Personal information
- Full name: Kevin Nicolás Ratti Fredes
- Date of birth: 18 September 1993 (age 32)
- Place of birth: Mendoza, Argentina
- Height: 1.78 m (5 ft 10 in)
- Position: Goalkeeper

Team information
- Current team: Andorra
- Number: 1

Youth career
- Huracán San Rafael
- 2004–2005: Principat
- 2005–2011: Andorra
- 2011–2012: Numancia

Senior career*
- Years: Team / Apps / (Gls)
- 2010–2011: Andorra
- 2012–2013: Llagostera B / 31 / (0)
- 2013–2017: Llagostera / 6 / (0)
- 2017–2018: Sant Julià / 32 / (0)
- 2019–: Andorra / 151 / (0)

= Nico Ratti =

Argentine-Italian footballer

Kevin Nicolás 'Nico' Ratti Fredes (born 18 September 1993) is an Argentine professional footballer who plays for club FC Andorra as a goalkeeper. He also holds Italian citizenship.

==Club career==
Born in Mendoza, Argentina, Ratti started his career at lowly locals Huracán de San Rafael before moving to Spain in 2005. He immediately joined FC Andorra's youth setup, making his first team debuts in 2010 at the age of just 16.

In the 2011 summer, after having trials at Real Madrid, Ratti joined CD Numancia, returning to youth football. On 12 July of the following year he signed for Segunda División B side UE Llagostera, initially as a backup to José Moragón.

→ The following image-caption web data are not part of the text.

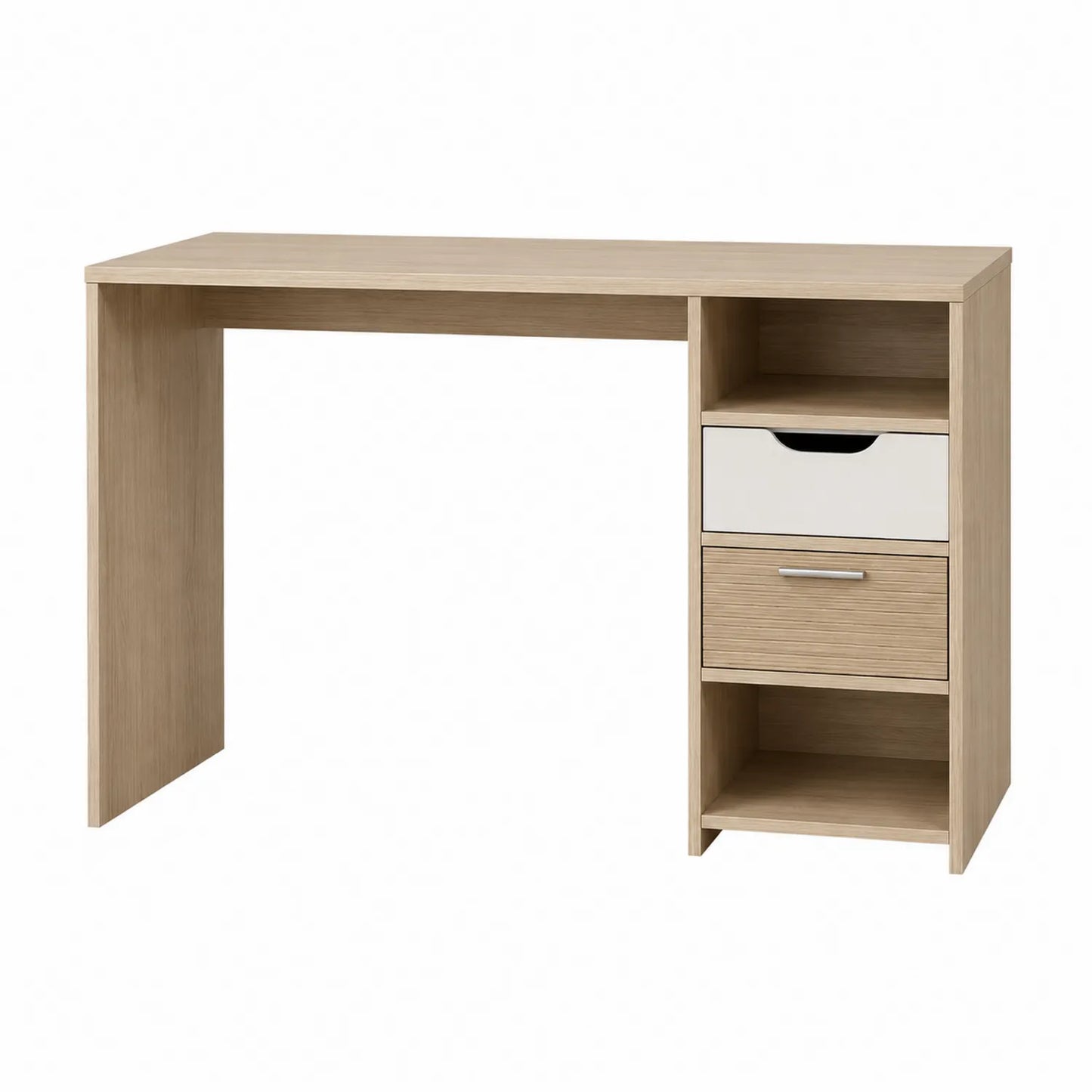 Escritorio de madera con almacenamiento 120x60x75 cm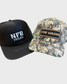 STAY GOLDEN Embroidered Patch on Camo Structured Cap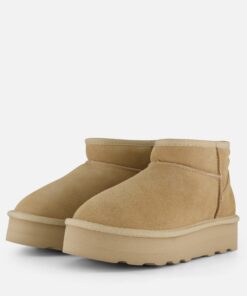 S.Oliver Plateau Gevoerde boots beige Suede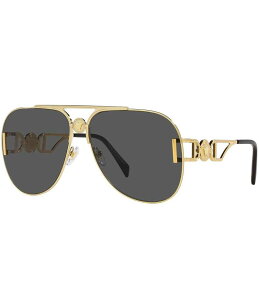 yz FT[` fB[X TOXEACEFA ANZT[ Unisex Ve2255 63mm Aviator Sunglasses Gold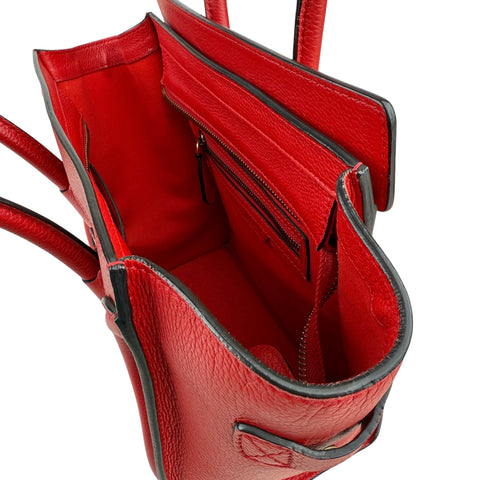 Celine Luggage Micro Leather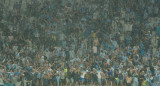 Hinchas de Racing en Brasil. Foto: NA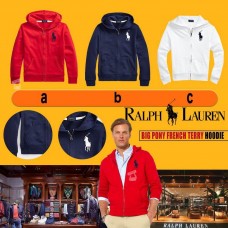 7中: Ralph Lauren Polo 中童拉鏈外套 (紅色)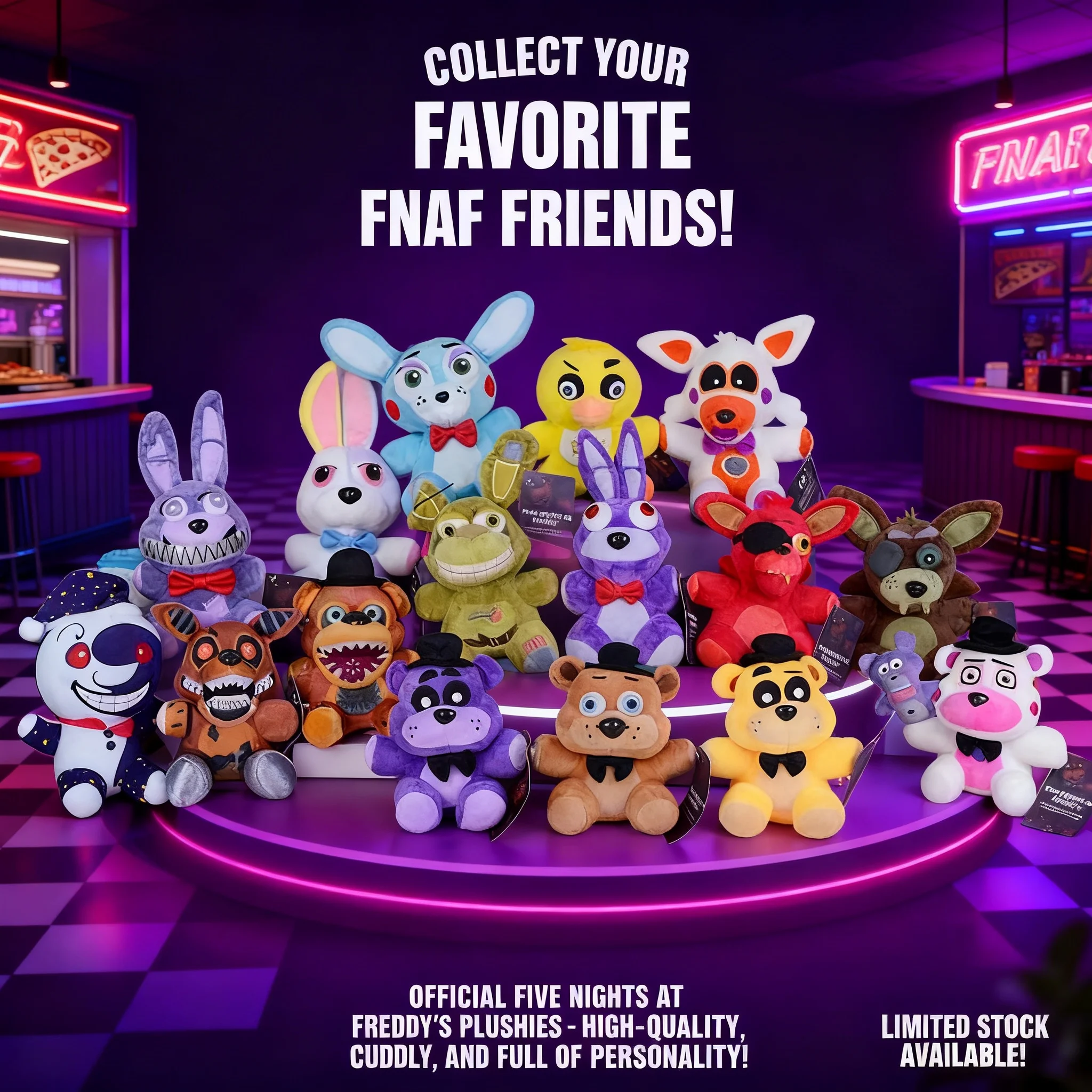 

Новые плюшевые игрушки FNAF Five Nights at Freddy's 2025: милые куклы Бонни, Медведь, Фокси, плюшевые куклы Фредди — подарки для детей и фанатов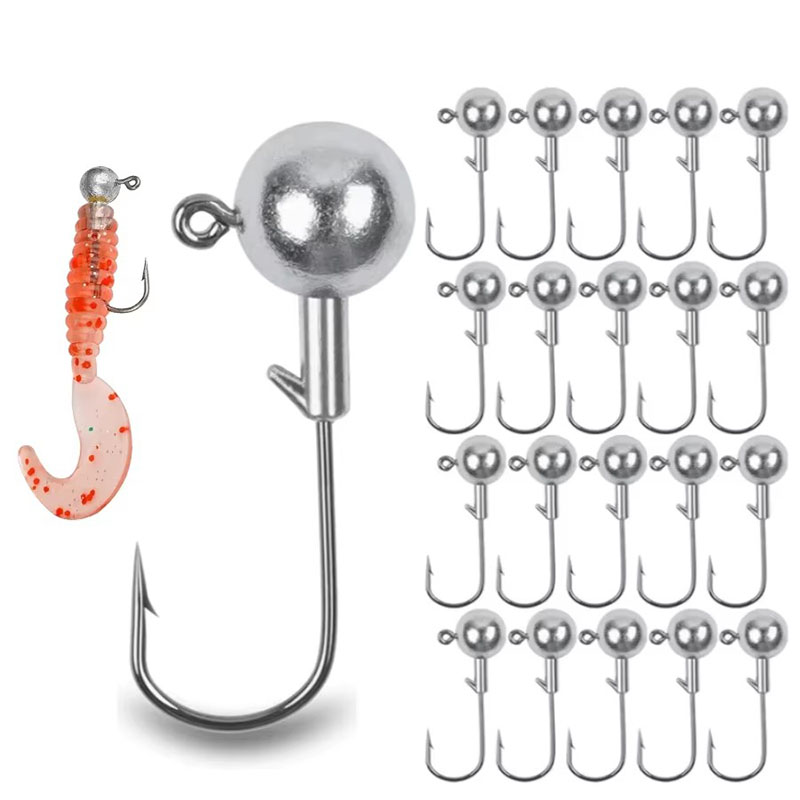 Fishing Hook Weedless - 5個入り/10個入り 大型ヘッドフック 2.5g 3.5g 5g 全サイズ対応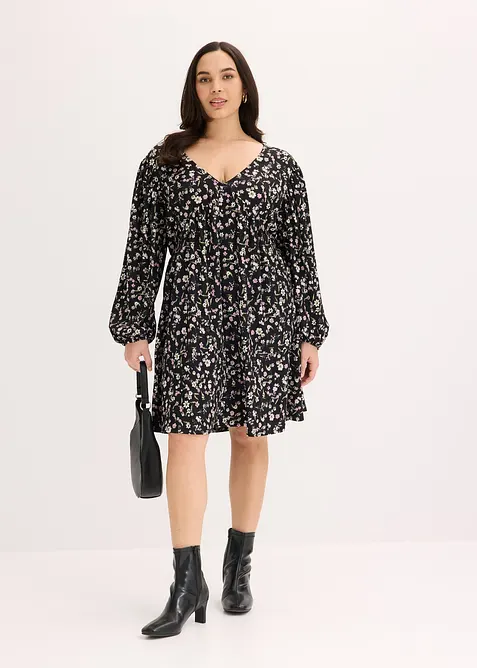 Jerseykjole i tunikalook, bonprix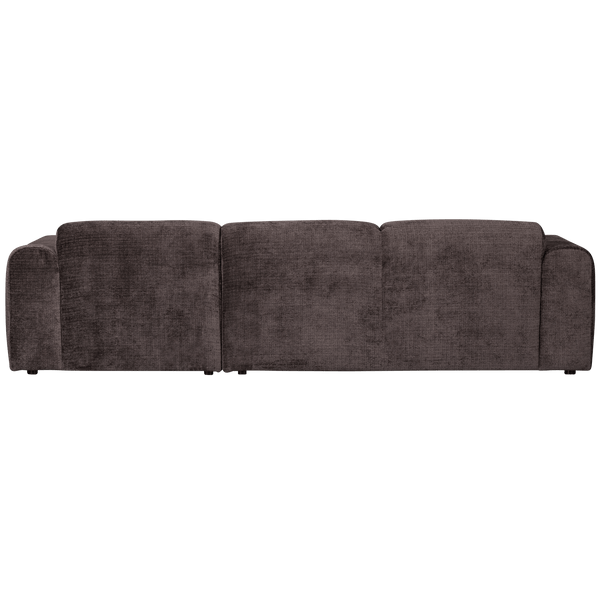 CLOUD CHAISE LONGUE BANK RECHTS CHENILLE WARM BRUIN
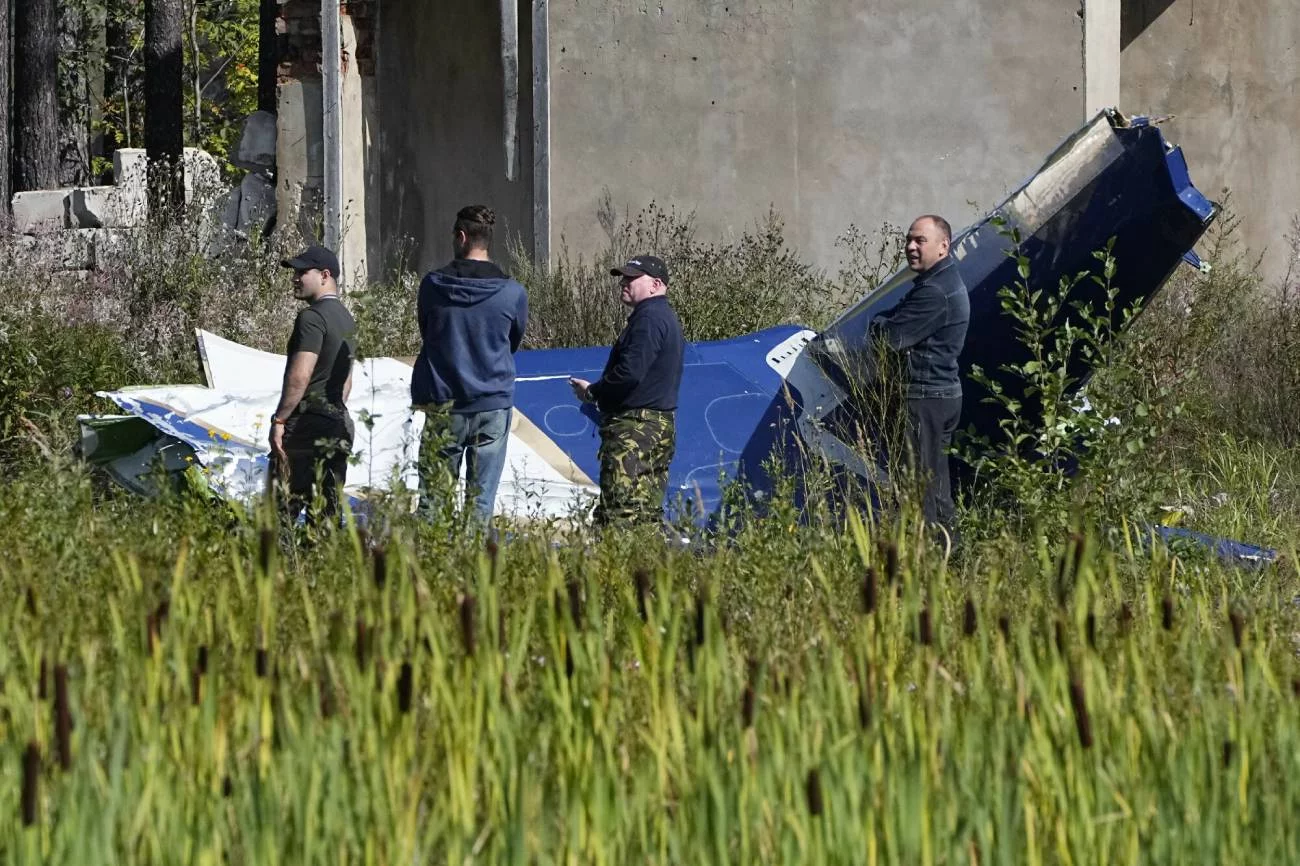 Śmierć Prigożyna. Oto co znaleziono na miejscu katastrofy samolotu
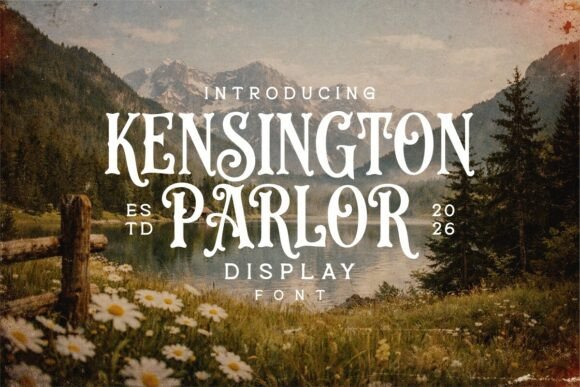 Kensington Parlor: The Vintage Typeface for Authentic Branding
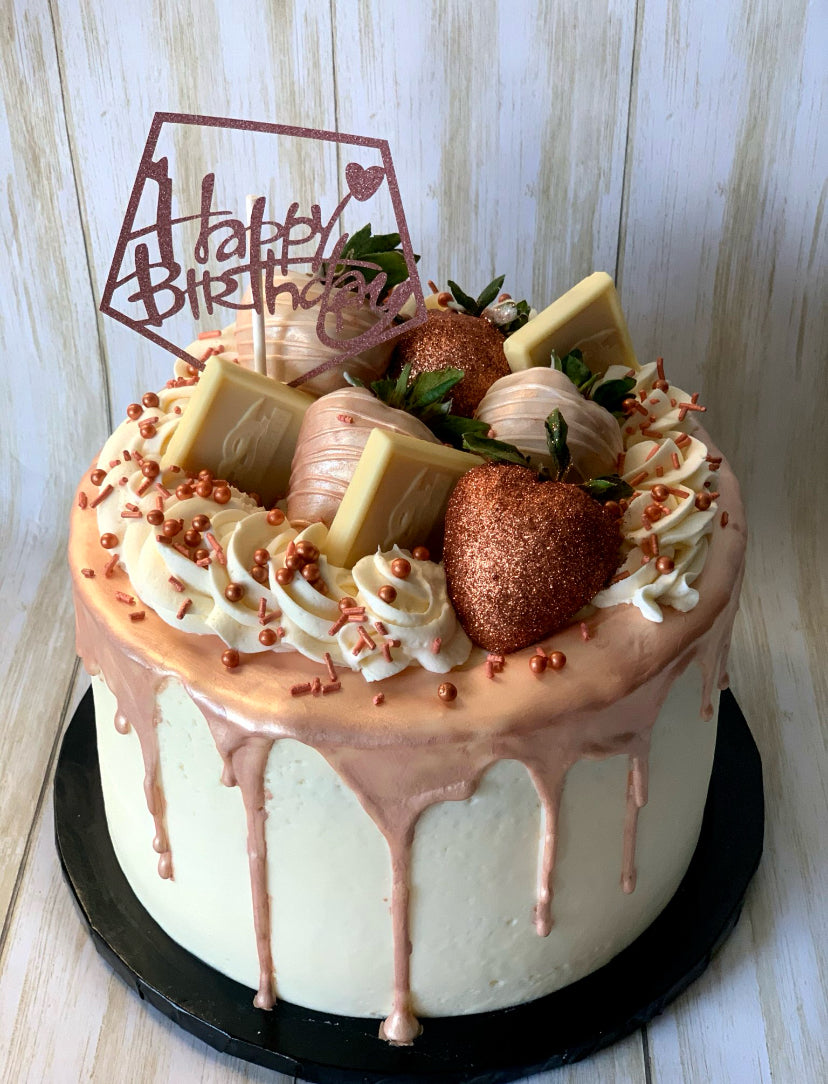 7" Round Custom Cake (Serves 15-20)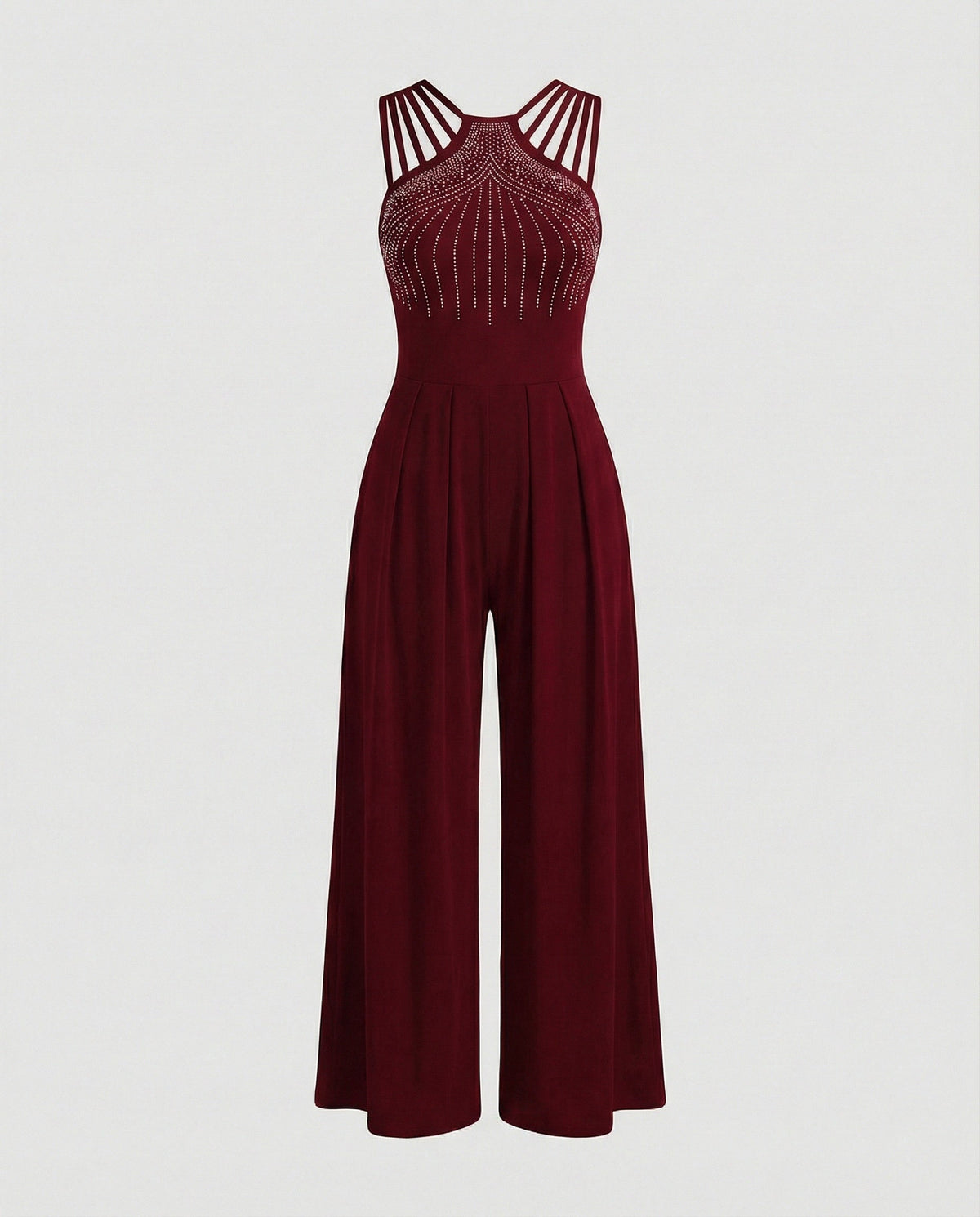 Ladies Jumpsuit glamour sequins wide - product shot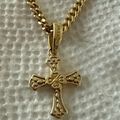 Women's Vintage Cross Pendant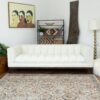 Melissa - Mid-Century Modern Sofa - Brown / White - Image 12
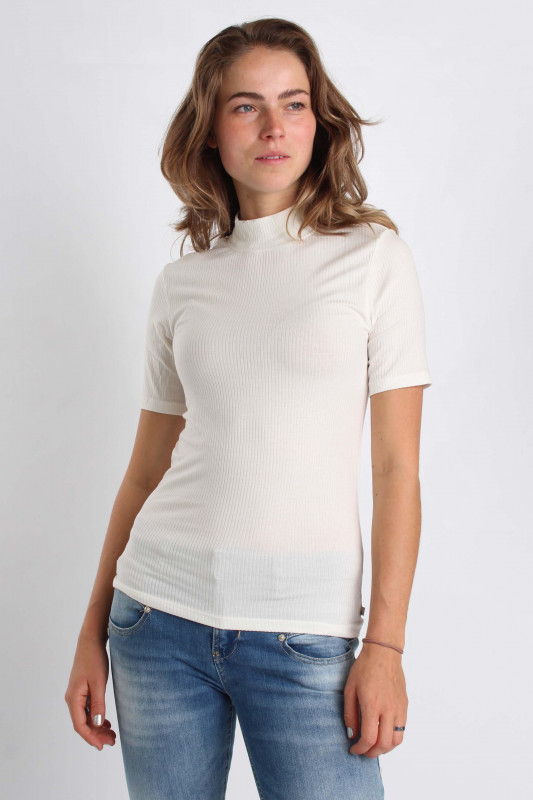 SCOTCH &amp; SODA Damen Shirt - &quot;High Neck T-Shirt Tencel white&quot;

Ratti made his senior debut on 12 May 2013, starting in a 0–1 home loss against RCD Mallorca B. He appeared in his first professional match on 15 October 2015, starting in a 2–1 away win against Real Zaragoza, for the season's Copa del Rey.

On 18 October 2015, Ratti made his Segunda División debut, playing the full 90 minutes in a 3–1 home win against Real Valladolid.

After a spell with UE Sant Julià, Ratti returned to FC Andorra in January 2019.